### EXERCISE GOAL
Repeat the records exactly. Every line must match.
*** Opening RECORDS SUPPLIED ***
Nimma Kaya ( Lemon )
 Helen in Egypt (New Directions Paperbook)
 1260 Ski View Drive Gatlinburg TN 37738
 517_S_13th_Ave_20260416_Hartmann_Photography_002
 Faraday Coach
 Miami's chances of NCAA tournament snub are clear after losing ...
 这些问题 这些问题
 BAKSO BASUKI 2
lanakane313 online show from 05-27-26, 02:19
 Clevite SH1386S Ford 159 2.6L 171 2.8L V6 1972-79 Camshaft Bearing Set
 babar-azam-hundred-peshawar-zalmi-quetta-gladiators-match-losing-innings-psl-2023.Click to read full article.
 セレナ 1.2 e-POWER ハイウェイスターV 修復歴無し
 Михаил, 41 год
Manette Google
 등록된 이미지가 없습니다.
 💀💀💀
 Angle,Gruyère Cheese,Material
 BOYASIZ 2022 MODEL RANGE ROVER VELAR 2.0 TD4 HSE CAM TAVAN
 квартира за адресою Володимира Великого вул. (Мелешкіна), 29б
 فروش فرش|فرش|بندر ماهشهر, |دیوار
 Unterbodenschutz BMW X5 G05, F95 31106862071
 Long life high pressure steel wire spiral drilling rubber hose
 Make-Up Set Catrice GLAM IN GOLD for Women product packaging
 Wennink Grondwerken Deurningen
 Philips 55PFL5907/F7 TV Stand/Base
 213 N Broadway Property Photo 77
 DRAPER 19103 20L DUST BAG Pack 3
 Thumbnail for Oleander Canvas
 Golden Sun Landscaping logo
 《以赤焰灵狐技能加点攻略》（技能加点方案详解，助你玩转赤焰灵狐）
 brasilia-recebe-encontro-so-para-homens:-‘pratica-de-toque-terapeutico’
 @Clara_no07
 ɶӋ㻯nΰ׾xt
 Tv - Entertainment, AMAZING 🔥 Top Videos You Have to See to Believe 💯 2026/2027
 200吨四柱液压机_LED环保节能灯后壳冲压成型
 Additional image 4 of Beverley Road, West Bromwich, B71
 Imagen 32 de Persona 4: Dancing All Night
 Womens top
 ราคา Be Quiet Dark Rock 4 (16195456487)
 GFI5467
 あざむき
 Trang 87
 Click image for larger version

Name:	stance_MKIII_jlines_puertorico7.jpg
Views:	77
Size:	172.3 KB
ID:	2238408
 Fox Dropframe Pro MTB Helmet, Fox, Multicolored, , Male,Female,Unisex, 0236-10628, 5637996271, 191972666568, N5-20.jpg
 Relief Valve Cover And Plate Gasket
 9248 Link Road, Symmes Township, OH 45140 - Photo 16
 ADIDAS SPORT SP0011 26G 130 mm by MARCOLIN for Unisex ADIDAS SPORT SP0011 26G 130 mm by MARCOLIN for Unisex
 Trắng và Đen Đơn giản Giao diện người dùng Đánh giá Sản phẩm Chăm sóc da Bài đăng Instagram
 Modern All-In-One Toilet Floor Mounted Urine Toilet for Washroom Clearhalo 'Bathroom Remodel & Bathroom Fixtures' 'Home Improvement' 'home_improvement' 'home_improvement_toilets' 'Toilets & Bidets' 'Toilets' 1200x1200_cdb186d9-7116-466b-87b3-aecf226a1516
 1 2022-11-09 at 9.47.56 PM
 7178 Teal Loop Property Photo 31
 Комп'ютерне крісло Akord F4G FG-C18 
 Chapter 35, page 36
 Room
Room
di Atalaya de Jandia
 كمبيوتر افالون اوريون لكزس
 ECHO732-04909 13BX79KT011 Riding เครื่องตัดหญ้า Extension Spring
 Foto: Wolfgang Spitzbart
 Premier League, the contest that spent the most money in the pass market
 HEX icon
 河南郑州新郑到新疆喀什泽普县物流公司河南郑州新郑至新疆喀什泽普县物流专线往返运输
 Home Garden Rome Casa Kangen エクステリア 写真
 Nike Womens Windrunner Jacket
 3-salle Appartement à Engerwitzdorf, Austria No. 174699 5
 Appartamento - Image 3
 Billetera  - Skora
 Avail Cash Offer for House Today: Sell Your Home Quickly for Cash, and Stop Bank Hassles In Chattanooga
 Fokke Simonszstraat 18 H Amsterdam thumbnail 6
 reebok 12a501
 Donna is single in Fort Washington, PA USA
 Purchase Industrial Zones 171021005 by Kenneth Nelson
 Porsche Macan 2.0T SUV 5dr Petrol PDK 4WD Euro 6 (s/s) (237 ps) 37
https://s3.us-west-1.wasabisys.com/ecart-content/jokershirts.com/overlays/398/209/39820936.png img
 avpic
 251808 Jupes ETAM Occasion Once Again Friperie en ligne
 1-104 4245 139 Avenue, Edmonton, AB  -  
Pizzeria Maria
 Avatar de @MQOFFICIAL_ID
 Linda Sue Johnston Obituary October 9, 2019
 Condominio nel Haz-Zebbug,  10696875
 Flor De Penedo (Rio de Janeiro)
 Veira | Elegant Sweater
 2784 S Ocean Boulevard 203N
*** Closing RECORDS SUPPLIED ***
### EXERCISE ANSWER
Nimma Kaya ( Lemon )
 Helen in Egypt (New Directions Paperbook)
 1260 Ski View Drive Gatlinburg TN 37738
 517_S_13th_Ave_20260416_Hartmann_Photography_002
 Faraday Coach
 Miami's chances of NCAA tournament snub are clear after losing ...
 这些问题 这些问题
 BAKSO BASUKI 2
lanakane313 online show from 05-27-26, 02:19
 Clevite SH1386S Ford 159 2.6L 171 2.8L V6 1972-79 Camshaft Bearing Set
 babar-azam-hundred-peshawar-zalmi-quetta-gladiators-match-losing-innings-psl-2023.Click to read full article.
 セレナ 1.2 e-POWER ハイウェイスターV 修復歴無し
 Михаил, 41 год
Manette Google
 등록된 이미지가 없습니다.
 💀💀💀
 Angle,Gruyère Cheese,Material
 BOYASIZ 2022 MODEL RANGE ROVER VELAR 2.0 TD4 HSE CAM TAVAN
 квартира за адресою Володимира Великого вул. (Мелешкіна), 29б
 فروش فرش|فرش|بندر ماهشهر, |دیوار
 Unterbodenschutz BMW X5 G05, F95 31106862071
 Long life high pressure steel wire spiral drilling rubber hose
 Make-Up Set Catrice GLAM IN GOLD for Women product packaging
 Wennink Grondwerken Deurningen
 Philips 55PFL5907/F7 TV Stand/Base
 213 N Broadway Property Photo 77
 DRAPER 19103 20L DUST BAG Pack 3
 Thumbnail for Oleander Canvas
 Golden Sun Landscaping logo
 《以赤焰灵狐技能加点攻略》（技能加点方案详解，助你玩转赤焰灵狐）
 brasilia-recebe-encontro-so-para-homens:-‘pratica-de-toque-terapeutico’
 @Clara_no07
 ɶӋ㻯nΰ׾xt
 Tv - Entertainment, AMAZING 🔥 Top Videos You Have to See to Believe 💯 2026/2027
 200吨四柱液压机_LED环保节能灯后壳冲压成型
 Additional image 4 of Beverley Road, West Bromwich, B71
 Imagen 32 de Persona 4: Dancing All Night
 Womens top
 ราคา Be Quiet Dark Rock 4 (16195456487)
 GFI5467
 あざむき
 Trang 87
 Click image for larger version

Name:	stance_MKIII_jlines_puertorico7.jpg
Views:	77
Size:	172.3 KB
ID:	2238408
 Fox Dropframe Pro MTB Helmet, Fox, Multicolored, , Male,Female,Unisex, 0236-10628, 5637996271, 191972666568, N5-20.jpg
 Relief Valve Cover And Plate Gasket
 9248 Link Road, Symmes Township, OH 45140 - Photo 16
 ADIDAS SPORT SP0011 26G 130 mm by MARCOLIN for Unisex ADIDAS SPORT SP0011 26G 130 mm by MARCOLIN for Unisex
 Trắng và Đen Đơn giản Giao diện người dùng Đánh giá Sản phẩm Chăm sóc da Bài đăng Instagram
 Modern All-In-One Toilet Floor Mounted Urine Toilet for Washroom Clearhalo 'Bathroom Remodel & Bathroom Fixtures' 'Home Improvement' 'home_improvement' 'home_improvement_toilets' 'Toilets & Bidets' 'Toilets' 1200x1200_cdb186d9-7116-466b-87b3-aecf226a1516
 1 2022-11-09 at 9.47.56 PM
 7178 Teal Loop Property Photo 31
 Комп'ютерне крісло Akord F4G FG-C18 
 Chapter 35, page 36
 Room
Room
di Atalaya de Jandia
 كمبيوتر افالون اوريون لكزس
 ECHO732-04909 13BX79KT011 Riding เครื่องตัดหญ้า Extension Spring
 Foto: Wolfgang Spitzbart
 Premier League, the contest that spent the most money in the pass market
 HEX icon
 河南郑州新郑到新疆喀什泽普县物流公司河南郑州新郑至新疆喀什泽普县物流专线往返运输
 Home Garden Rome Casa Kangen エクステリア 写真
 Nike Womens Windrunner Jacket
 3-salle Appartement à Engerwitzdorf, Austria No. 174699 5
 Appartamento - Image 3
 Billetera  - Skora
 Avail Cash Offer for House Today: Sell Your Home Quickly for Cash, and Stop Bank Hassles In Chattanooga
 Fokke Simonszstraat 18 H Amsterdam thumbnail 6
 reebok 12a501
 Donna is single in Fort Washington, PA USA
 Purchase Industrial Zones 171021005 by Kenneth Nelson
 Porsche Macan 2.0T SUV 5dr Petrol PDK 4WD Euro 6 (s/s) (237 ps) 37
https://s3.us-west-1.wasabisys.com/ecart-content/jokershirts.com/overlays/398/209/39820936.png img
 avpic
 251808 Jupes ETAM Occasion Once Again Friperie en ligne
 1-104 4245 139 Avenue, Edmonton, AB  -  
Pizzeria Maria
 Avatar de @MQOFFICIAL_ID
 Linda Sue Johnston Obituary October 9, 2019
 Condominio nel Haz-Zebbug,  10696875
 Flor De Penedo (Rio de Janeiro)
 Veira | Elegant Sweater
 2784 S Ocean Boulevard 203N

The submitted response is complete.